Name transcription(s)
- • Malay: Pulau Buloh
- • Chinese: 布洛岛
- • Pinyin: bùluò dǎo
- • English: Buloh Island
- Interactive map of Pulau Buloh
- Coordinates: 1°27′0″N 103°43′30″E﻿ / ﻿1.45000°N 103.72500°E
- Country: Singapore

Area
- • Total: 1.3 km^{2} (0.50 sq mi)

= Pulau Buloh =

Island in Singapore

Pulau Buloh is an uninhabited island located at the northern end of the Sungei Buloh Wetland Reserve with a total size of 1.3 square kilometres (0.5 square miles). The island is uninhabited and is entirely covered in mangrove forests. It also acts as a conservation site for wild animals that inhabit the nature reserve.

==Etymology==
The island is named after buloh, the Malay word for bamboo, suggesting that bamboo was prominent around the area. It is not known what species of bamboo Pulau Buloh is named after, but it was recorded that the island had Bambusa vulgaris, or the common bamboo.

==History==
Mangroves first appeared in the area c. 5000BC (6820 BP), as the flooding of Sundaland caused sea levels to rise due to the retreat of ice during the last glacial maximum. Pulau Buloh, which had plentiful mangrove swamps, was designated as a forest reserve in the 19th century. By the start of the 20th century, the island saw agricultural activities taking place, such as farming cash crops, prawn ponds, and farming freshwater fish, though by the 1980s, prawn farming was the dominant activity.

In 1986, the Singapore government marked Pulau Buloh for agro-industrial development. Around that time, birdwatcher Richard Hale observed birds flying to Pulau Buloh, and with assistance from the Singaporean branch of the Malayan Nature Society, created a movement for Pulau Buloh's bird species and habitat to be protected; they proposed to create a nature reserve in Pulau Buloh.
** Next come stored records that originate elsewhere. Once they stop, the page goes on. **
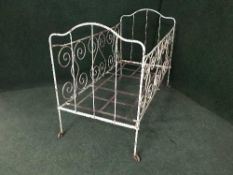 An antique metal child's cot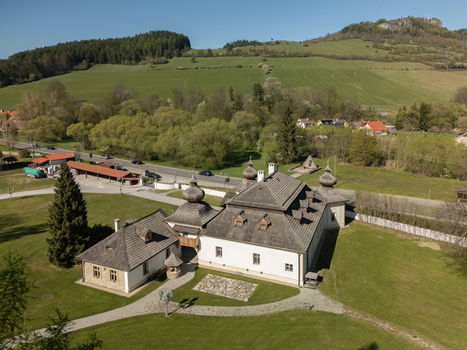 Aerial view of Kastiel Kubinyi manor house with its unique shingle roofs and onion domes set against lush green hills and a clear blue sky in Vysny Kubin Zilinsky kraj Slovakia. Aerial view of Kastiel Kubinyi manor house with its unique shingle roofs and onion domes set against lush green hills and a clear blue sky in Vysny Kubin Zilinsky kraj Slovakia.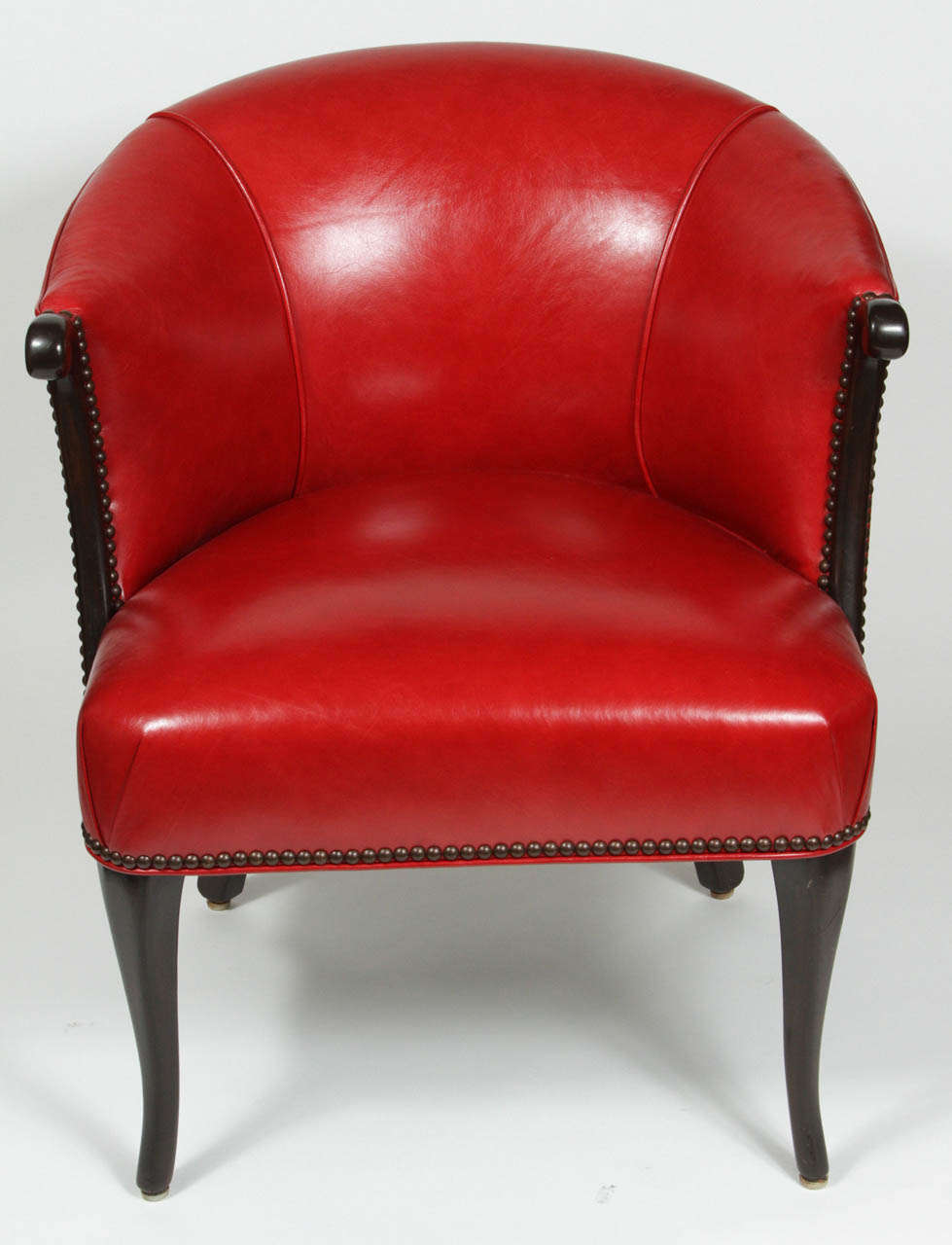 Vintage barrel chair. Newly refinished and upholstered in new red leather with nail heads.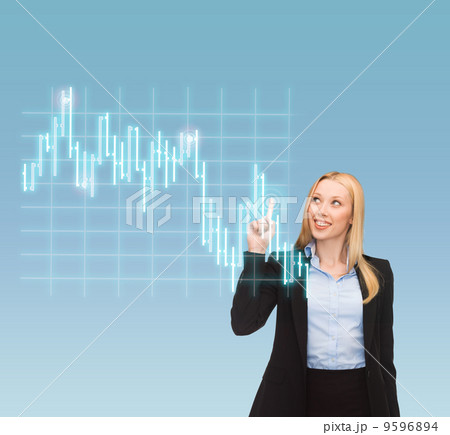smiling businesswoman pointing to forex chart 9596894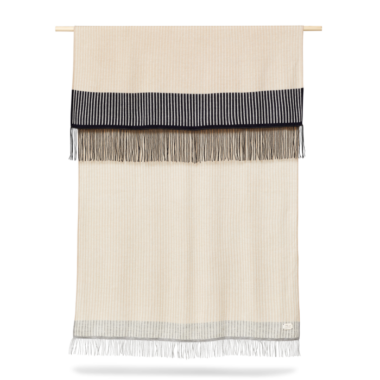 A FORM & REFINE - Aymara Plaid Stripes 190x130 vægophæng med en cremefarvet base med vandrette sorte og grå striber øverst og nederst, suppleret med frynsede kanter, vist på en træstang.
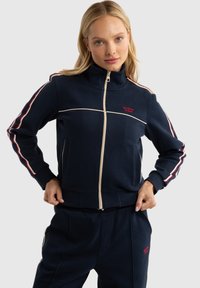 Veste de survêtement navy avec un col haut, des bandes latérales blanches et rouges, une fermeture éclair, et des détails de logo rouges. Tissu texturé.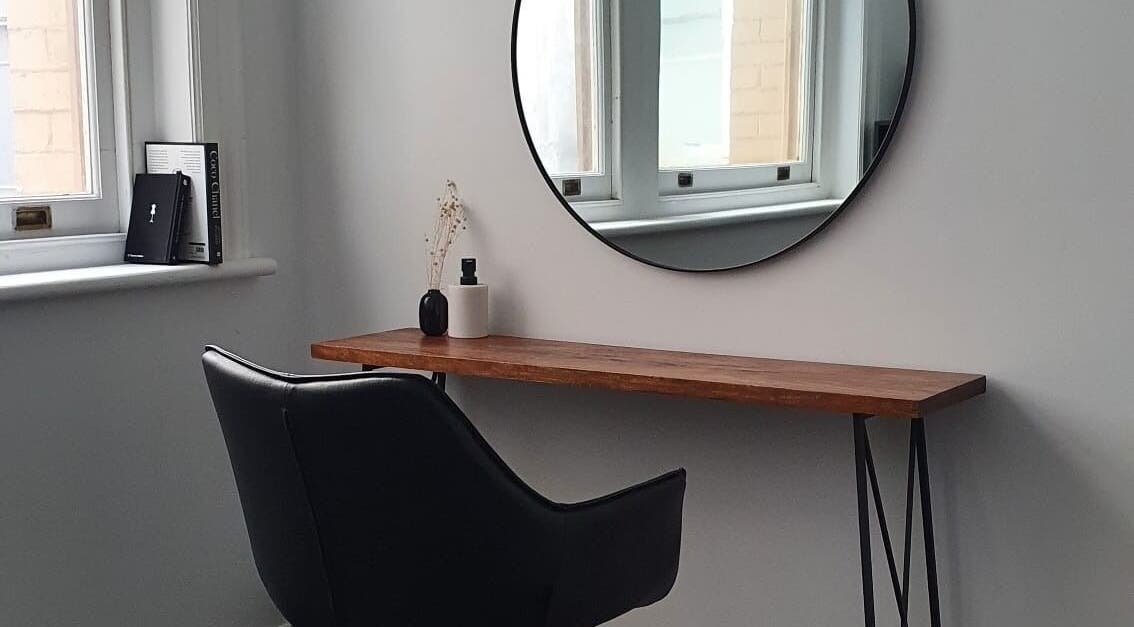 Chic salon interior with a black chair and round mirror at Jacqueline Louise Hair, Sydney, New South Wales, AU.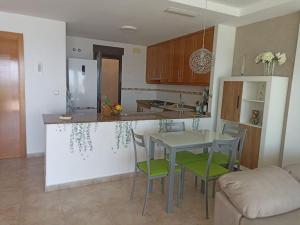 A kitchen or kitchenette at Bungalow en primera línea del mar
Despite the intensive development of fish and prawn farms beside the island throughout its history on mainland Singapore, the island has mostly been uninhabited to the present day, with no accessible routes to easily travel to Pulau Buloh. Sluice gates have been installed on the island to manage water levels in the reserve to prevent flooding. However, flooding at high tides have occurred due to aging equipment affecting the efficiency of the gates.

==Geology==
The soil of the island and the nature reserve encompassing it is similar to adjacent areas in the Sungei Buloh Nature Reserve which are also similar to other coastal areas in Singapore. Thin layers of alluvium are present near the surface, while soft clay and decomposed vegetation can be found at depths of 25 metres. Further down, hard clay silts interspersed with sand occupy the layer below. Water ponds found on the island are mostly brackish in nature and water levels at the coastline of the island fluctuate with tide levels recorded in the Straits of Johor. Migratory birds flock to the island during high tide when feeding areas are flooded. The surface layer soil found on the island date back to the Holocene era and are at least more than 3.8 metres deep.

==Wildlife==
Bird species such as the white-bellied sea eagle (Haliaeetus leucogaster) can be found on the island. It is one of the last remaining undeveloped islands left in Singapore that consist entirely of vegetation. However, mangroves in the surrounding area are at risk of retreating, with mangrove cover in the area being 25% less than in 1946, in a study conducted in 1992.
Several species of birds such as the Pacific golden plover (Pluvialis fulva) and the Eurasian whimbrel (Numenius phaeopus) can also be found flying around the island.